Relu Honorine. La nouvelle de Balzac comprend deux récits enchâssés. Le premier est fait par le consul de France à Gênes à des visiteurs parisiens. Un soir dans un palais de la ville, Maurice de l’Hostal, "portrait vivant de Lord Byron", confesse à ses hôtes son secret. Dans son histoire, une autre confidence est incluse : celle que le consul reçut du comte Octave alors qu’il était son secrétaire particulier à Paris, rue Payenne.
Au cœur de ces deux aveux concentriques, il y a une femme : Honorine, l’épouse adultère du comte. Celui-ci raconte : sept ans plus tôt, Honorine l’a fui pour un autre homme. Quelques mois après, elle est à son tour abandonnée ; elle donne naissance à un enfant, qui meurt bientôt. Aujourd’hui elle vit incognito, modestement, de la vente de fleurs artificielles qu’elle confectionne d’après les modèles cueillis dans son jardin.
Mais son indépendance est aussi belle et fausse que ses fleurs. Honorine ignore que sa maison, ses gens, son travail sont secrètement payés par le comte, qui l’aime toujours.
Depuis cinq ans, je la tiens, rue Saint-Maur, dans un charmant pavillon où elle fabrique des fleurs et des modes. Elle croit vendre les produits de son élégant travail à un marchand, qui les lui paie assez cher pour que la journée lui vaille vingt francs, et n’a pas eu depuis six ans un seul soupçon. Elle paye toutes les choses de la vie à peu près le tiers de ce qu’elles valent, en sorte qu’avec six mille francs par an, elle vit comme si elle avait quinze mille francs. Elle a le goût des fleurs, et donne cent écus à un jardinier qui me coûte à moi douze cents francs de gages, et qui me présente des mémoires de deux mille francs tous les trois mois.

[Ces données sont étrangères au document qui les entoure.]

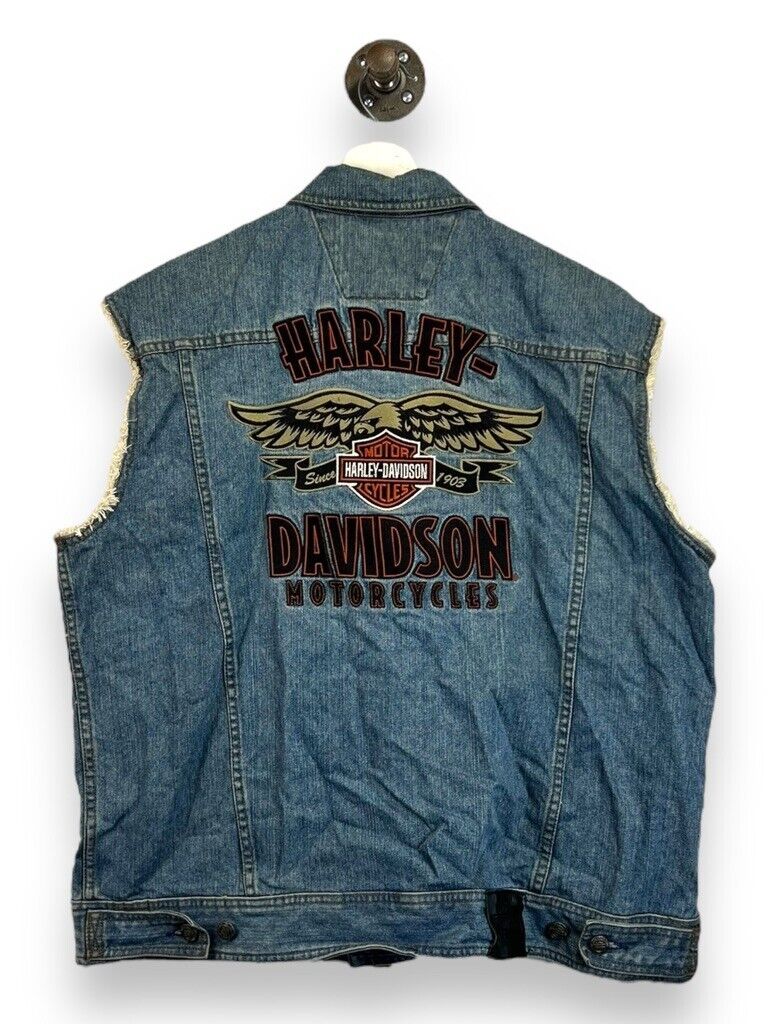 Harley Davidson Motorcycles Embroidered Medium Wash Denim Vest Size XL Blue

Le comte est toujours auprès d’Honorine comme une providence invisible (ou un auteur de romans), mais il ne peut s’en faire reconnaître. Elle le fuit avec obstination, elle refuse toute communication avec lui. Il m’est donc impossible de pénétrer dans ce cœur : la citadelle est à moi, mais je n’y puis entrer.

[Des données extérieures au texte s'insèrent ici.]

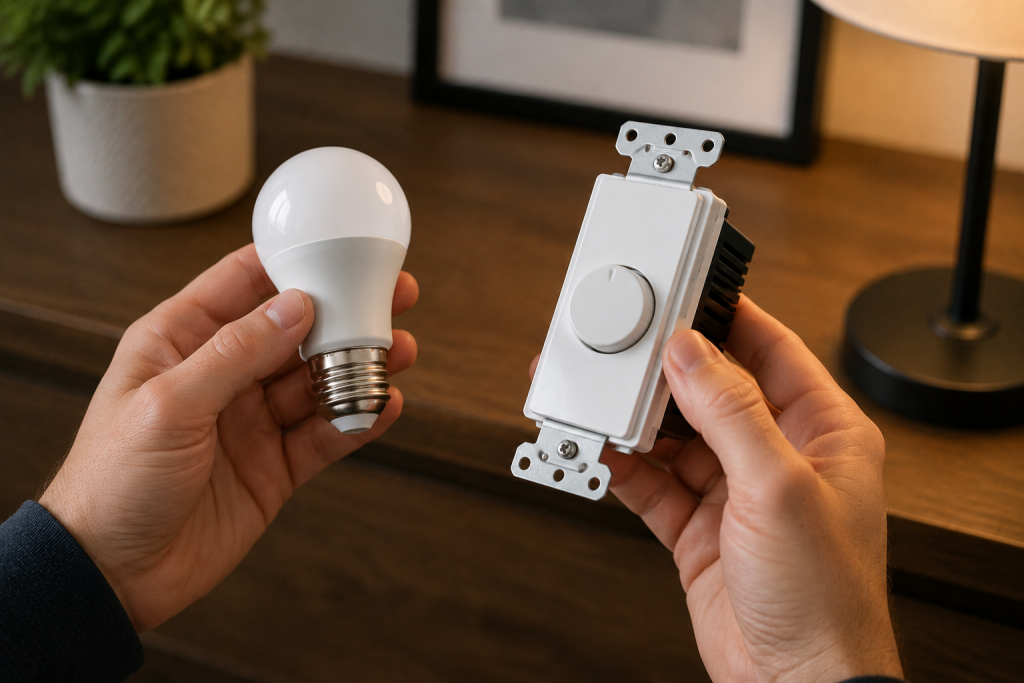 Homeowner comparing an LED light bulb and a dimmer switch to verify compatibility before installation in a residential lighting system.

Le comte essaie une nouvelle ruse. Maurice fera connaissance avec la belle Honorine ; il gagnera sa confiance et jouera, pour finir, les intermédiaires entre les deux époux. Le plan est couronné de succès. Maurice s’installe rue Saint-Maur et, feignant un désespoir amoureux qui le rend indifférent à toutes les femmes, conquiert peu à peu l’amitié d’Honorine. Après quelques péripéties, la jeune femme accepte de retrouver son mari ; Maurice voit ses efforts couronnés par un poste de diplomate et un riche mariage en Italie.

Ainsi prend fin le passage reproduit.